Fig. 3. Mitochondria in PNCs are fragmented and have reduced membrane potential.

A Confocal images of mito-trackers CMXRos and Deep-Red stained zebrafish larval skin cells. a, b, c, indicate “Zoom in” area of mito-tracker deep-red image to show details of mitochondrial fragmentation phenotype in HRAS expressing skin PNCs. Scale bar = 10 µm. B Electron microscope image of a mitochondrion in normal skin cells of zebrafish larva. C Electron microscope image of mitochondria in HRAS expressing skin PNC of zebrafish larva. D Quantification showing increased number of mitochondrial fragments in PNCs (Mann-Whitney test, p = 0.0087, 3 experiments, animal n ≥ 8) E Quantification showing decreased mitochondrial fragment size in PNCs (Mann Whitney test, median, p < 0.0001) F Quantification showing decreased mitochondrial membrane potential in PNCs (unpaired t tests, 24 hpi; 2 experiments, animal n ≥ 6, p = 0.004; 8 hpi n ≥ 3, p = 0.0099).

Fig. 4. mdivi suppression of Drp1/Dnml1 blocks mitochondrial fission and induces PNC apoptosis.

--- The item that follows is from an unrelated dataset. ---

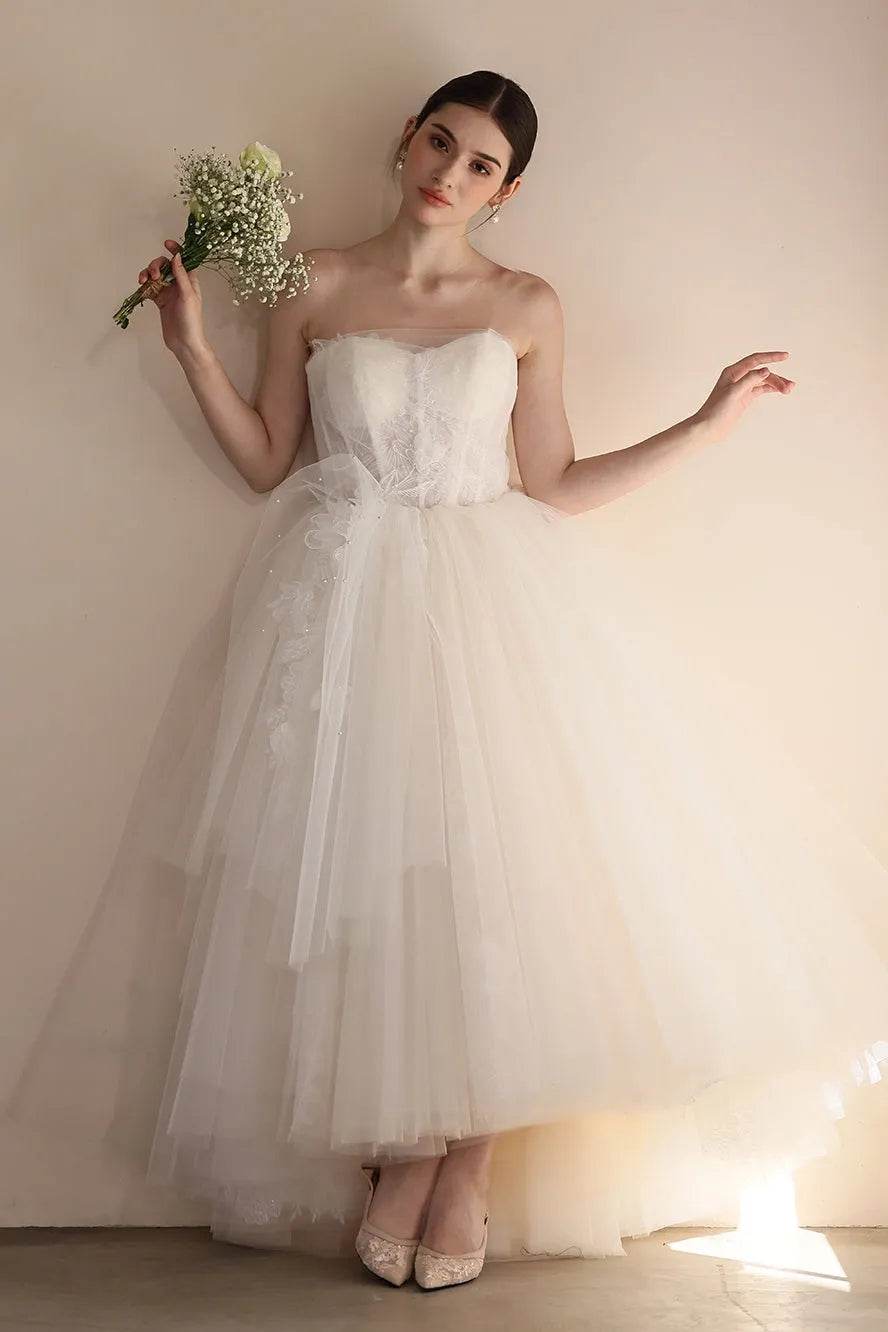 A-Line Floor Length Lace Tulle Wedding Dress CW3554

A Violin plot, depicting normalized expression of dnml1 in single-cell RNA sequencing dataset, shows that dnml1 is up-regulated in PNCs vs. CAAX control keratinocytes. B Pseudobulk differential expression analysis of single-cell RNA sequencing data, showing genes related to mitochondrial fission and fusion in HRAS PNCs vs. control keratinocytes at 24 hpi. Heatmap depicts log fold-change (EdgeR, n = 2, FDR < 0.05). C Quantification showing increased mitochondrial fragmentation can be reversed by mdivi treatment (Kruskal-Wallis test with Dunn’s multiple comparisons, p = 0.001, 3 experiments, animal n ≥ 8) D Quantification showing reduced size of mitochondrial fragments can be reversed by mdivi treatment (Kruskal-Wallis test with Dunn’s multiple comparisons, p < 0.0001) E Quantification showing mdivi does not alter PNC proliferation (unpaired t test, p = 0.1889, n ≥ 22). F quantification showing mdivi induced PNC apoptosis (mean +/− SD, Mann-Whitney test, p = 0.001, 2 experiments, animal n = 11).